$1 margaritas. This happy hour needs to end.
I know for sure he's a bro because he closed the door so my gf didn't see me hooking up with her cousin.
My neighbor is on the his front porch in a robe dipping a popsicle into what appears to be vodka. I want to be his son.
Second wave of rafting ended in a concussion. Don't worry though, the paramedic says it's still not considered a DUI.
What I love about college? The kid tripping balls has a kayak made readily available to him on any given Wednesday, Saturday, or Sunday.
Um. That's my cat Laura. You put my cat in your mouth, and then you put my cat in your purse.
I knew you would eventually ask my secret. Pedialite mix drinks. Works wonders.
Running into your random closeted hookup from last night is really awkward when you have to sit next to him and his girlfriend in a 200 person class.

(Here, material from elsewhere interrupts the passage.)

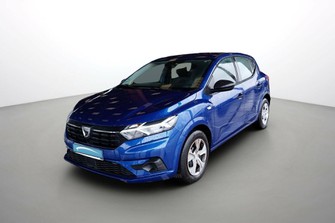 Photo Dacia Sandero Sandero SCe 65 - 22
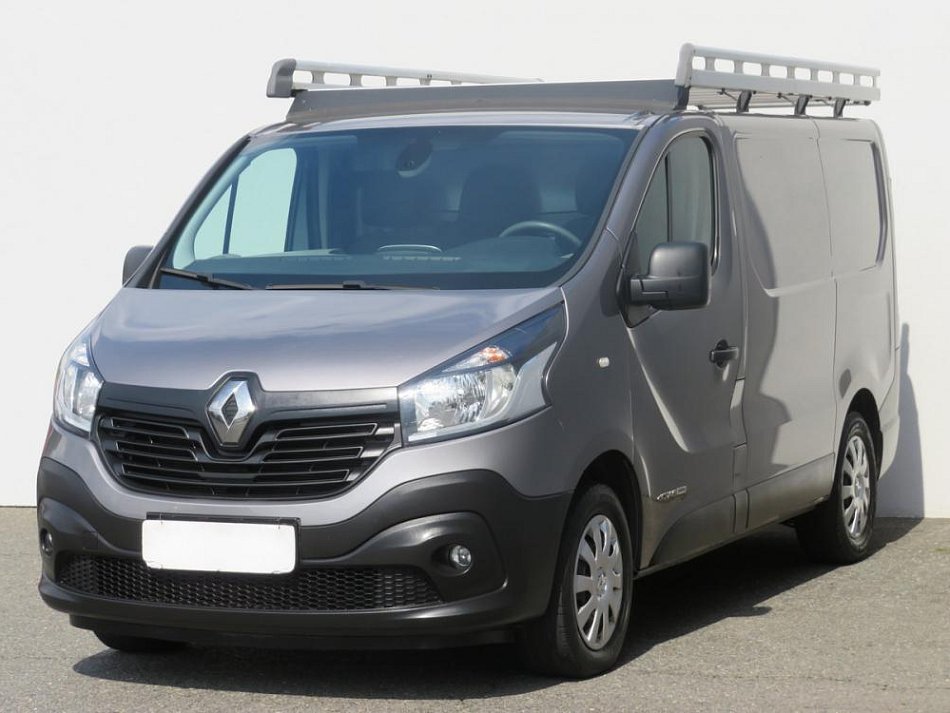 Renault Trafic 1.6dCi  SORTIMO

I think they were making kool-aid in my bed. There is lots of sugar and my hands and face are stained blue.
Almost there.
define "almost". like I have enough time to watch a youtube video or oh shit, put on some goddamn pants because they're in the driveway.
I am a 5'4" ball of sexual frustration and vodka. It is that kind of night.
The inflatable penis from those pics was mine... We broke him that night
My book, "How to Live With a Huge Penis" was delivered today. Can't wait to read it in public.
Idk. The bad part of me thinks it's a good idea. The bad part is also the stupid part.
I know right. I don't even want to have sex today. I did anyway but that's besides the point.